*Work to complete*.
Write the lines out again, from the top of the material to the line containing "Vi-rút cúm rất", pictures excluded.

*Recorded information*.
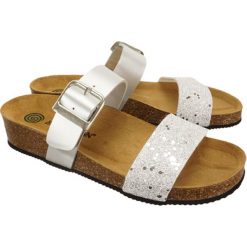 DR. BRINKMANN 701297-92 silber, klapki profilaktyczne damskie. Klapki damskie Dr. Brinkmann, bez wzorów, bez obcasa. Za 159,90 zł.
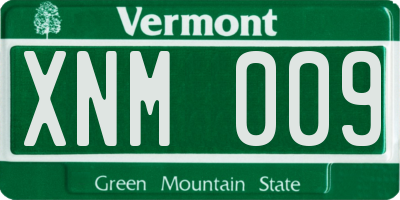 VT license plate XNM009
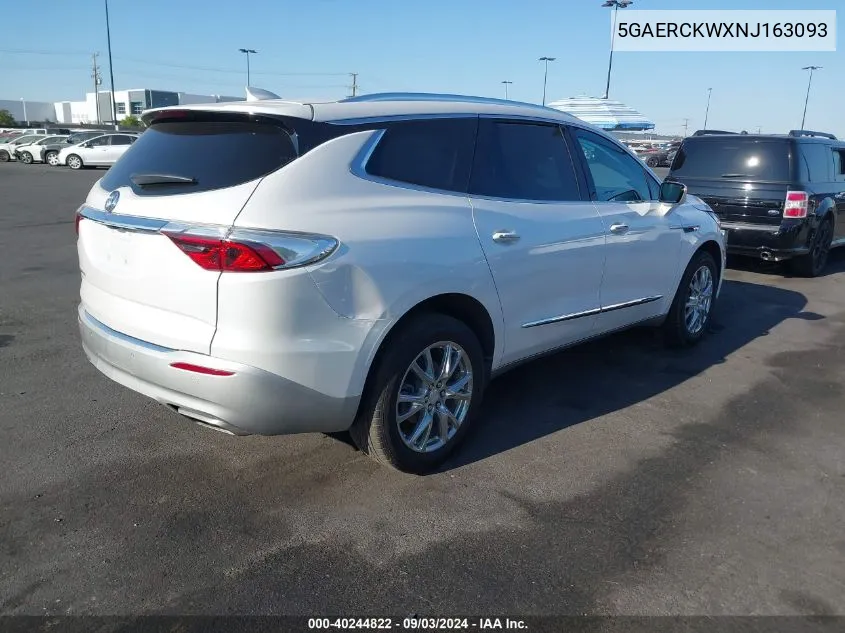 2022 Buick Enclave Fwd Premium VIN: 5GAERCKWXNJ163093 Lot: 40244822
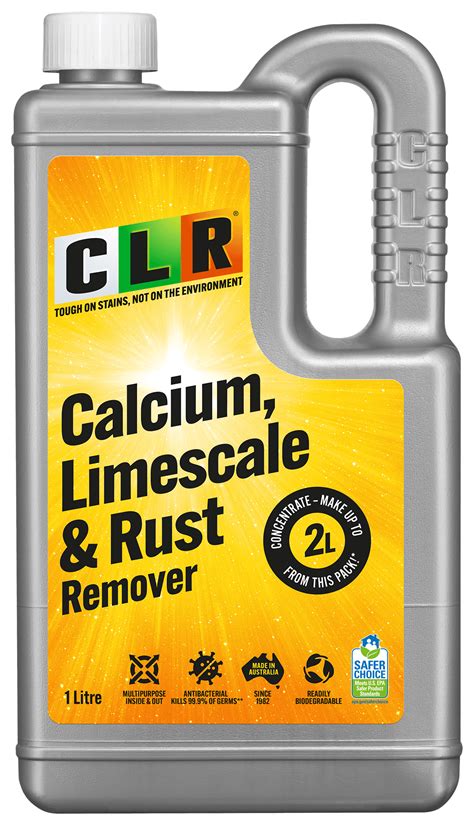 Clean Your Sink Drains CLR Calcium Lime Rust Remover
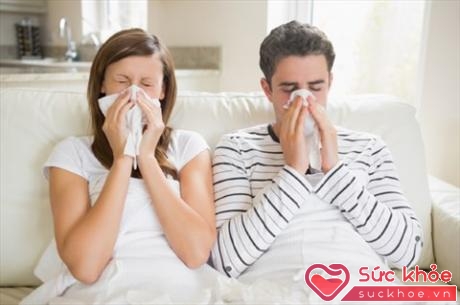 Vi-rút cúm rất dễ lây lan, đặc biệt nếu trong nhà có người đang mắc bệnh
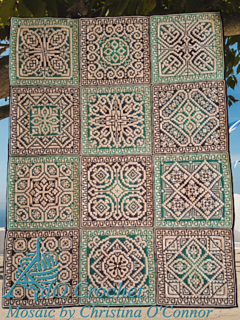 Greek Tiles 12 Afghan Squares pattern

*Exercise solution*.
 DR. BRINKMANN 701297-92 silber, klapki profilaktyczne damskie. Klapki damskie Dr. Brinkmann, bez wzorów, bez obcasa. Za 159,90 zł.
 VT license plate XNM009
 2022 Buick Enclave Fwd Premium VIN: 5GAERCKWXNJ163093 Lot: 40244822
 Clean Your Sink Drains CLR Calcium Lime Rust Remover
 Vi-rút cúm rất dễ lây lan, đặc biệt nếu trong nhà có người đang mắc bệnh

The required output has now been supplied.